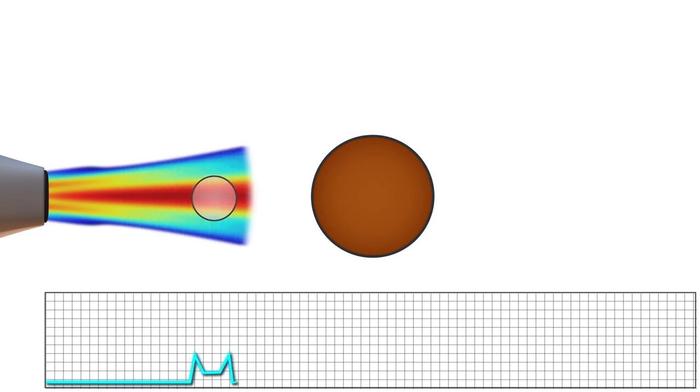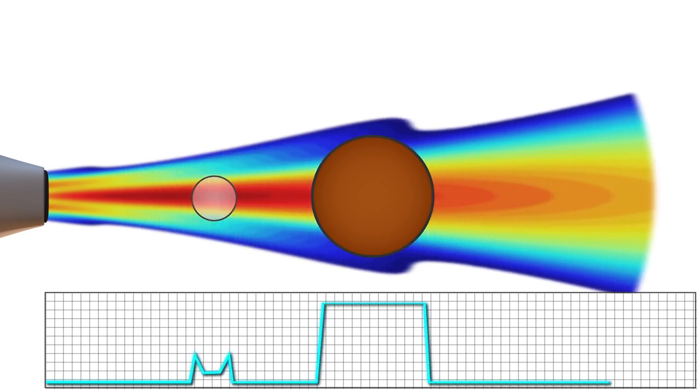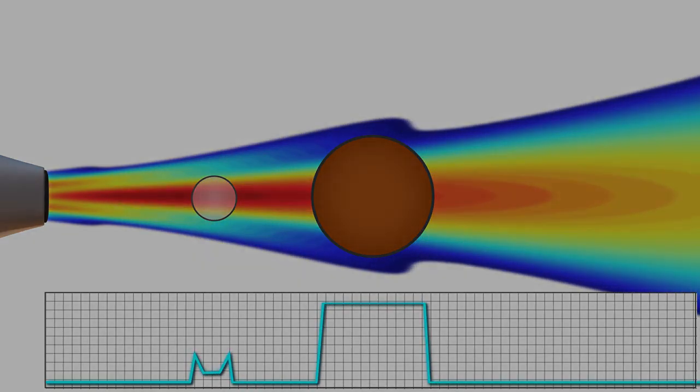Returning echoes are converted to electric signals, which a computer converts into points of brightness on the image, corresponding to the anatomic position and the strength of the reflecting echoes.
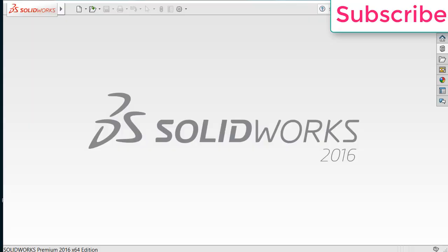Namaste, in this video I am going to teach you how to calculate Reynolds number in SOLIDWORKS.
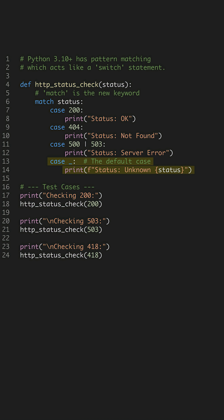Finally, case underscore is a wildcard. This acts as the default case, catching any value that didn't match above.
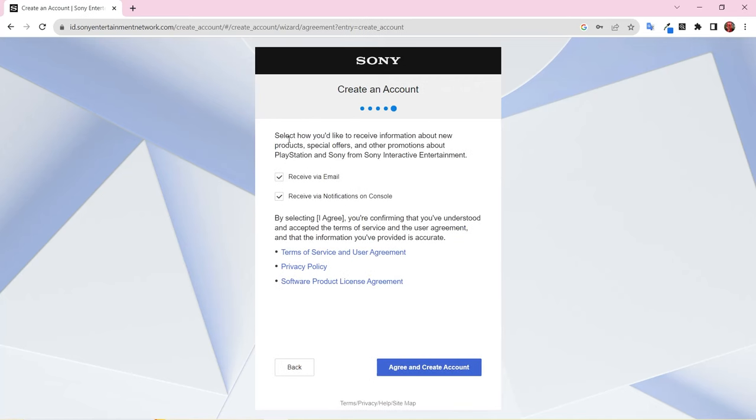Select if you'd like to receive communications from PlayStation and how you'd like to receive them. This page also includes the terms of service and user agreement, the privacy policy, and the software product license agreement. Make sure to look these over, then click Agree and Create Account.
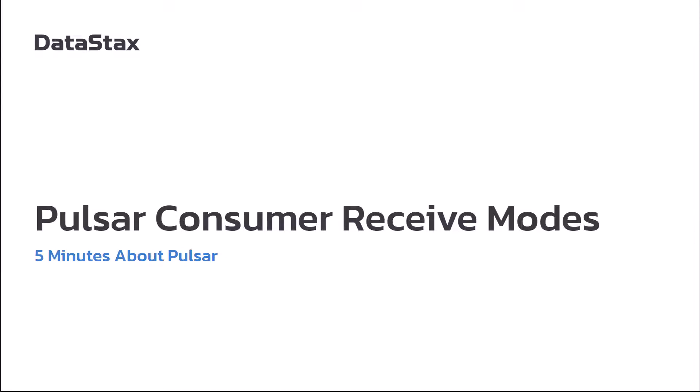Hello and welcome to 5 Minutes About Pulsar. My name is David Dereff and I'm on the streaming team at Datastacks. Today I'm going to be talking about Pulsar consumer receive modes.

————

**INSTRUCTIONS TO FOLLOW**: An acceptable answer consists of the lines above from the one holding "Finally, case underscore" to the end of the data, repeated exactly and containing no pictures.

**ANSWER AREA**:
Finally, case underscore is a wildcard. This acts as the default case, catching any value that didn't match above.
Select if you'd like to receive communications from PlayStation and how you'd like to receive them. This page also includes the terms of service and user agreement, the privacy policy, and the software product license agreement. Make sure to look these over, then click Agree and Create Account.
Hello and welcome to 5 Minutes About Pulsar. My name is David Dereff and I'm on the streaming team at Datastacks. Today I'm going to be talking about Pulsar consumer receive modes.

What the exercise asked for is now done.